Small-acreage owners find that coyotes and foxes are a threat to their poultry, lambs, and goats.

Indeed, coyotes remain the worst livestock killer, says Peter Orwick, executive director of the American Sheep Industry Association in Centennial, CO. Within the last 20 years, marauding dogs have maimed and mauled their way into the No. 2 position.

"People move to the country and the first thing they do is turn their dogs loose," Orwick says. "I don't know what they're thinking — they think … that their animals won't (prey on other animals)? It's a big problem."

Keeping livestock safe is a challenge. Shepherding is the best solution, but few small producers have the time to shepherd or the finances to hire a herder.

"The National Wildlife Center recommends a combination of tools: fencing, guard animals, trapping, shooting, deterrents," Orwick says. "Fencing alone won't do it. Fencing is limited by terrain, and too many predators can dig under, climb over, or smash through."

Double or even triple fencing, however, will create an obstacle course for climbing coyotes and burrowing dogs. A combination of permanent and electric fencing is best, Orwick says.

Another tool for predator control is using guardian animals. Livestock guardian dogs have proven to increase livestock survival rates, according to research by William Andelt, Colorado State University Cooperative Extension wildlife specialist.

Guardian dogs protect sheep by patrolling, aggressively barking, and pursuing a predator when the sheep are threatened.

The breeds that most effectively guard against predators, says Andelt's study, are the Akbash, Great Pyrenees, Komondor, and Anatolian shepherd.

Some farmers and ranchers use llamas, who are naturally aggressive toward dogs and coyotes. They protect livestock by chasing, kicking, or pawing a predator; sounding the alert; and positioning themselves between the livestock and predator.

An Iowa State University study revealed that western sheep producers lost an average of 21 percent of their ewes and lambs annually before acquiring a llama, and 7 percent afterward.

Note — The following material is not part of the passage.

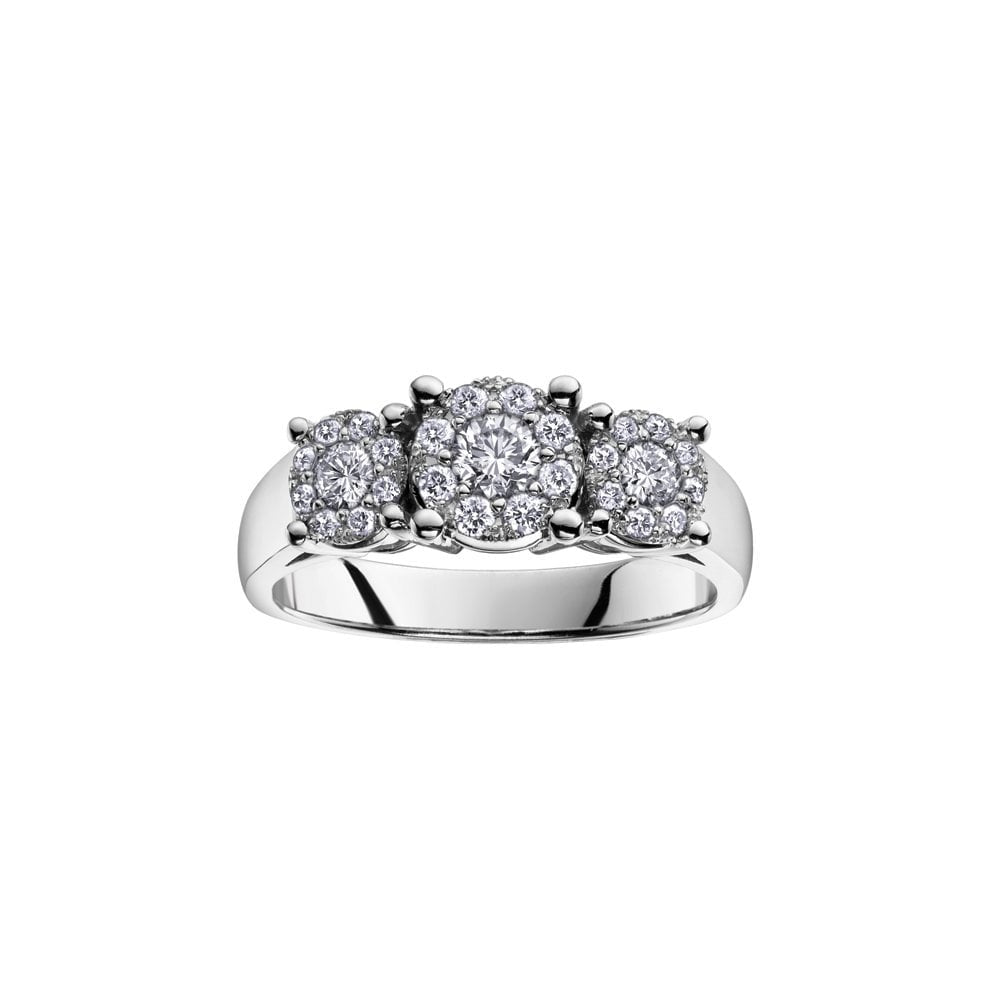 18ct WHITE GOLD THREE STONE ILLUSION SET DIAMOND RING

Donkeys also have a natural aversion to dogs and similar animals — coyotes, wolves, foxes .- and will bray, bare their teeth, chase, and bite and kick at a potential threat.

Lethal predator control methods include shooting, trapping, snaring, and poisoning. However, local regulations dictate which methods are legal. Check with the USDA Service Center or Wildlife Services office in your area for guidelines.

Lynn Allen is a Colorado-based writer.